Some weights of the model checkpoint at ./cased/bert-wikidump-50mb-mlm/model were not used when initializing BertForSequenceClassification: ['cls.predictions.bias', 'cls.predictions.transform.dense.weight', 'cls.predictions.transform.dense.bias', 'cls.predictions.transform.LayerNorm.weight', 'cls.predictions.transform.LayerNorm.bias', 'cls.predictions.decoder.weight', 'cls.predictions.decoder.bias']
- This IS expected if you are initializing BertForSequenceClassification from the checkpoint of a model trained on another task or with another architecture (e.g. initializing a BertForSequenceClassification model from a BertForPreTraining model).
- This IS NOT expected if you are initializing BertForSequenceClassification from the checkpoint of a model that you expect to be exactly identical (initializing a BertForSequenceClassification model from a BertForSequenceClassification model).
Some weights of BertForSequenceClassification were not initialized from the model checkpoint at ./cased/bert-wikidump-50mb-mlm/model and are newly initialized: ['bert.pooler.dense.weight', 'bert.pooler.dense.bias', 'classifier.weight', 'classifier.bias']
Loading pre-trained model with AutoModelForSequenceClassification
from transformers import AutoModelForSequenceClassification, AdamW, AutoConfig
config = AutoConfig.from_pretrained(PATHS["model"]["cased"]["local"], num_labels=df.category.unique().size)

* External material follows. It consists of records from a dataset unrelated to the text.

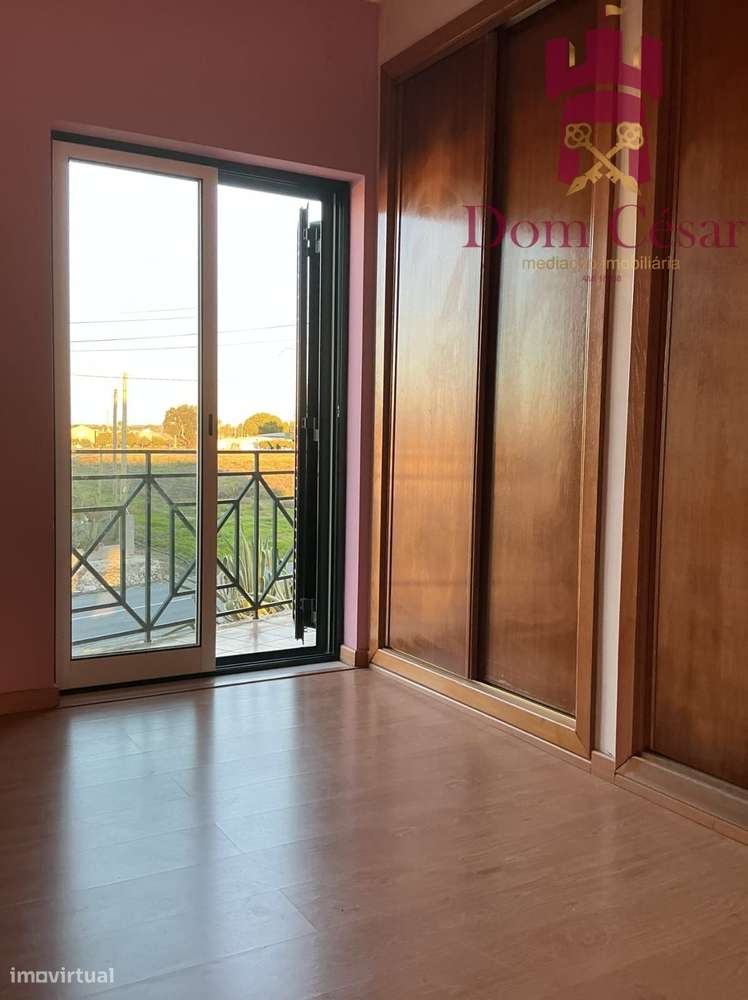 Moradia T4  R/C - 1º Andar em Foros de Salvaterra-23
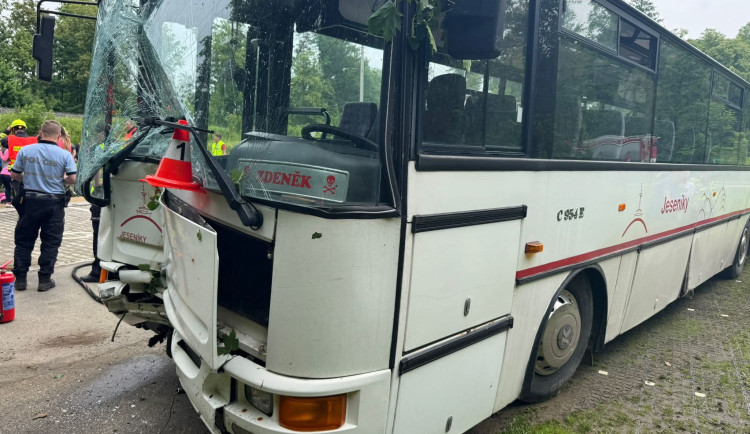 U Zlatých Hor na Jesenicku havaroval autobus. Zranilo se 21 dětí a učitelka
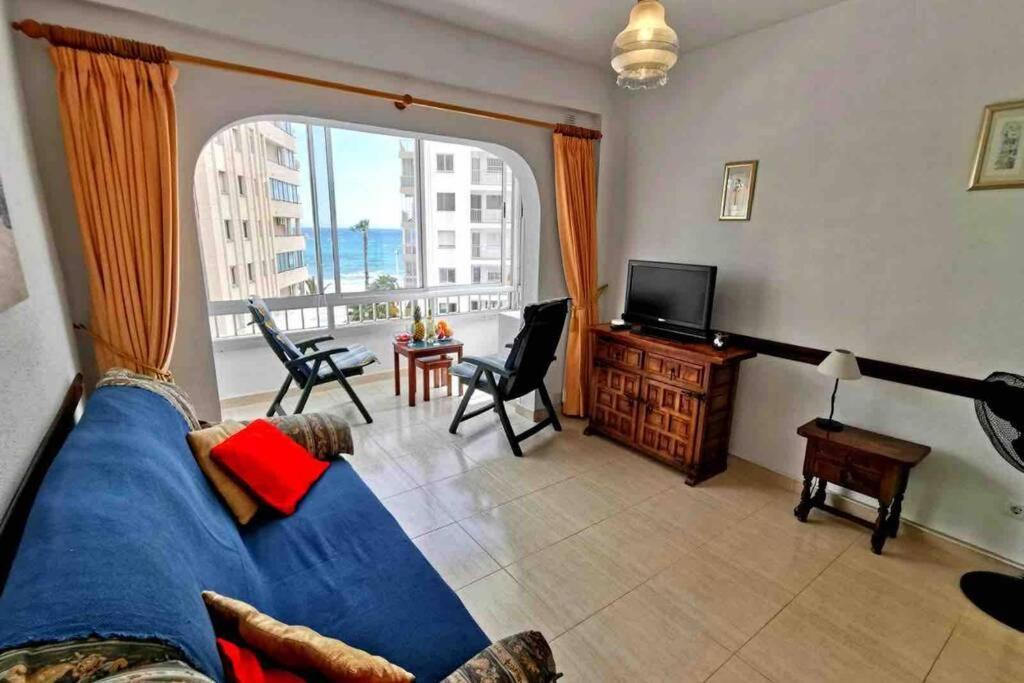 Comfy Sea View Apartment With Parking Кальпе Экстерьер фото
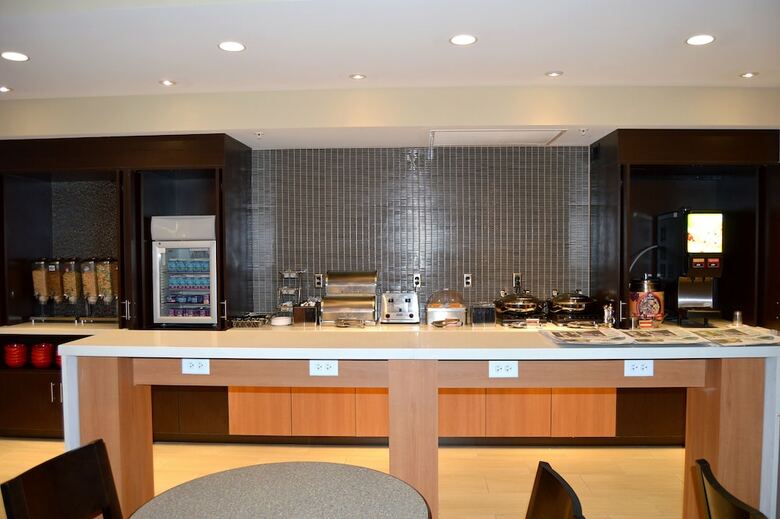 Hotel Towneplace Suites By Marriott Alexandria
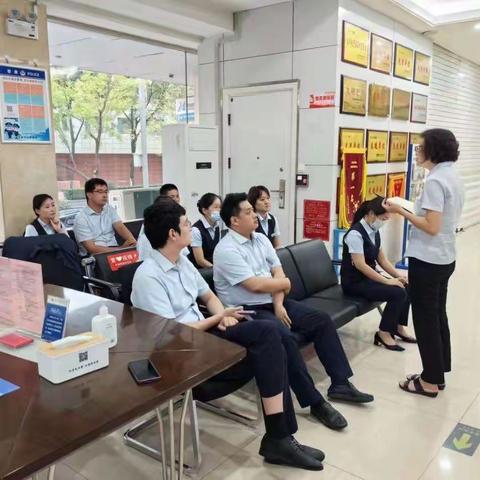 舜耕支行开展反假币宣传月活动报告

model = AutoModelForSequenceClassification.from_pretrained(PATHS["model"]["cased"]["local"], config=config)
Code for training BERT from scratch with only MLM task
from transformers import BertConfig
config = BertConfig(vocab_size=64_000)

from transformers import BertForMaskedLM
model = BertForMaskedLM(config=config)

from transformers import Trainer, TrainingArguments

from transformers import DataCollatorForLanguageModeling

data_collator = DataCollatorForLanguageModeling(
    tokenizer=bert_cased_tokenizer, mlm=True, mlm_probability=0.15
)

training_args = TrainingArguments(
    output_dir=PATHS["model"]["cased"]["training"]["local"],
    overwrite_output_dir=True,
    num_train_epochs=2,
    per_gpu_train_batch_size= 8, ## 512 max sequence lenght, 64 sequence count
    save_steps=10_000,
    save_total_limit=2,
    prediction_loss_only=True,
)

trainer = Trainer(
    model=model,
    args=training_args,
    data_collator=data_collator,
    train_dataset=dataset,
)

Yes, the warning is telling you that some weights were randomly initialized (here you classification head), which is normal since you are instantiating a pretrained model for a different task. It’s there to remind you to finetune your model (it’s not usable for inference directly).

4 Likes

Thanks @sgugger ! :slightly_smiling_face:

Hi @sgugger , may I know how to suppress this information? I load pretrained model and multiprocess this , so this notification is visually overwhelming. Thank you!

1 Like

Is there a way to avoid some weights to be initialized randomly since already initialized ?

To suppress this output, nlp - Python: BERT Error - Some weights of the model checkpoint at were not used when initializing BertModel - Stack Overflow suggests to change the verbosity level of transformers.logging.

Is there a way to use distilbert-base-uncased and other models out-of-the-box without fine tuning to benchmark?